Notre savoir-faire repose en particulier sur le contreventement, qui nous permet de stabiliser l'ouvrage et, surtout, de l'ancrer au sol ou aux fondations. C'est la base de la construction dans un climat cyclonique. Nous employons des technologies particulières, des structures et des couvertures différentes de celles que l'on rencontre habituellement en France, notamment la tôle ondulée.

On doit malheureusement constater l'inadaptation des normes outre-mer, par exemple des DTU (documents techniques unifiés).
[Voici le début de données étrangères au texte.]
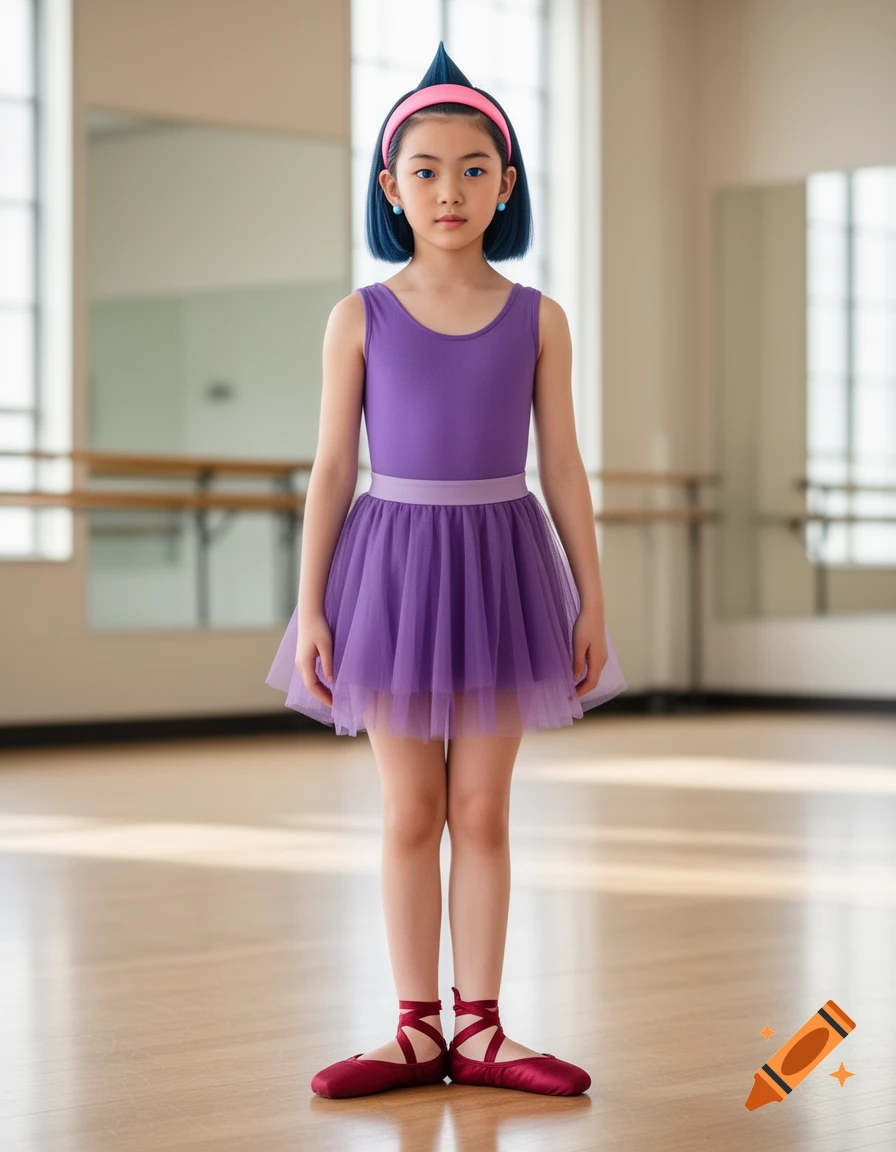 Photorealistic full-length portrait of a young girl with blue hair in a purple ballet tutu and red ribboned slippers inside a dance studio.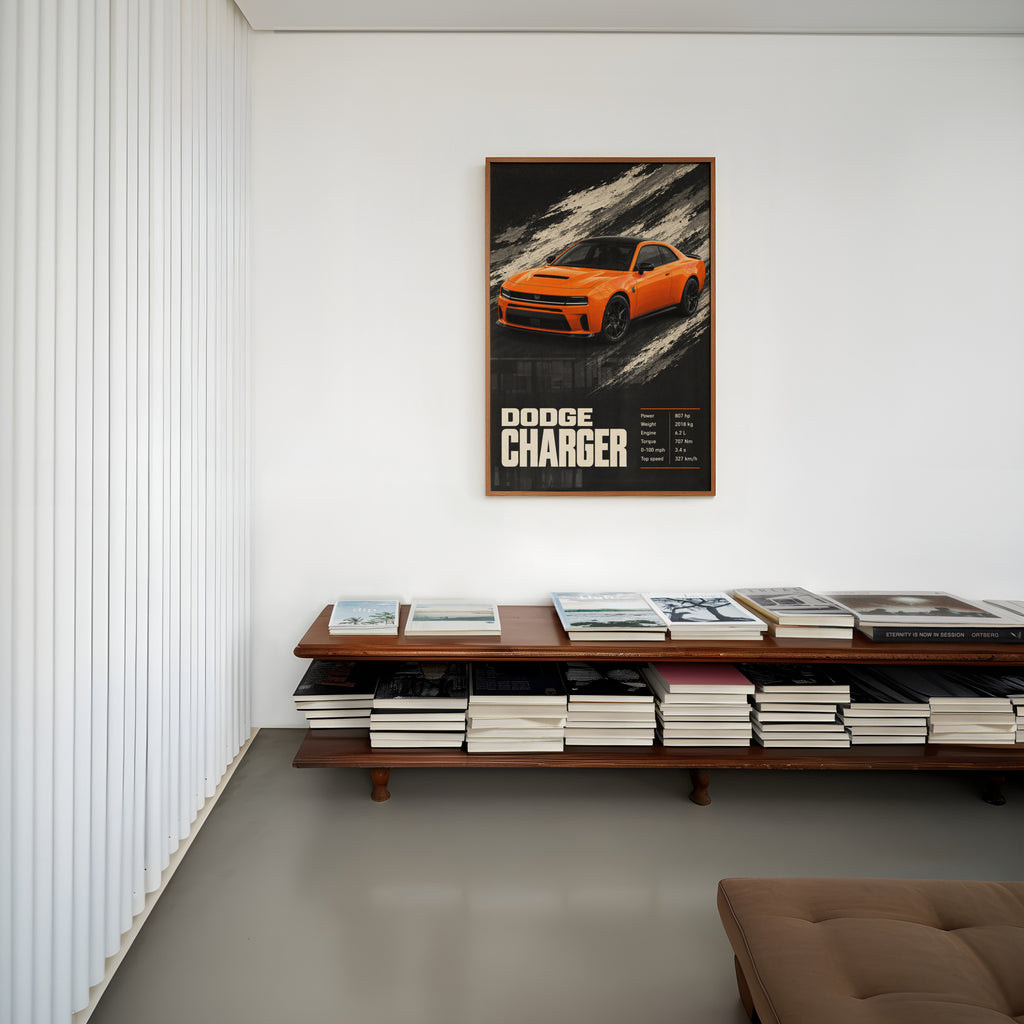 Vintage Dodge Charger Print, Muscle Car Wall Art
La tôle ondulée a ainsi été retirée – de manière inadmissible, selon nous – de la liste de l'Afnor (Association française de normalisation) en 2004 par une décision prise à l'échelon national, alors que c'est une technique très éprouvée, résistante aux vents cycloniques, qui a la capacité de renvoyer une partie de la chaleur, surtout si le matériau utilisé est clair. Elle convient au climat de la plupart des outre-mer. Alors que nos professions se sont adaptées pour protéger les habitants des outre-mer, on ne peut que regretter la décorrélation entre ce qui se fait à l'échelon national et les réalités ultramarines.

On constate des difficultés d'application des normes d'accessibilité, dites PMR (personnes à mobilité réduite), sur des territoires volcaniques, à forte pente. L'application de la réglementation thermique, acoustique et aération (RTAA-DOM) à La Réunion a entraîné une évolution des techniques constructives mais a aussi engendré de nombreux sinistres, car on nous a demandé parallèlement d'aménager des passerelles permettant une ventilation traversante sans seuil d'accessibilité. Une mise en œuvre stricte de la réglementation peut favoriser la sinistralité et l'insalubrité. Autrement dit, le taux d'insalubrité est lié au climat de nos territoires mais aussi à des technologies inadaptées à ces derniers.

S'agissant des normes paracycloniques, je partage l'analyse qui a été faite : porter son attention exclusivement sur le vent est une erreur stratégique, que nous avons signalée au Centre scientifique et technique du bâtiment (CSTB). C'est en effet l'eau qui tue : Belal a ainsi causé le décès de quatre personnes, par noyade, à La Réunion, alors que le vent n'a entraîné aucun dégât structurel sur les constructions.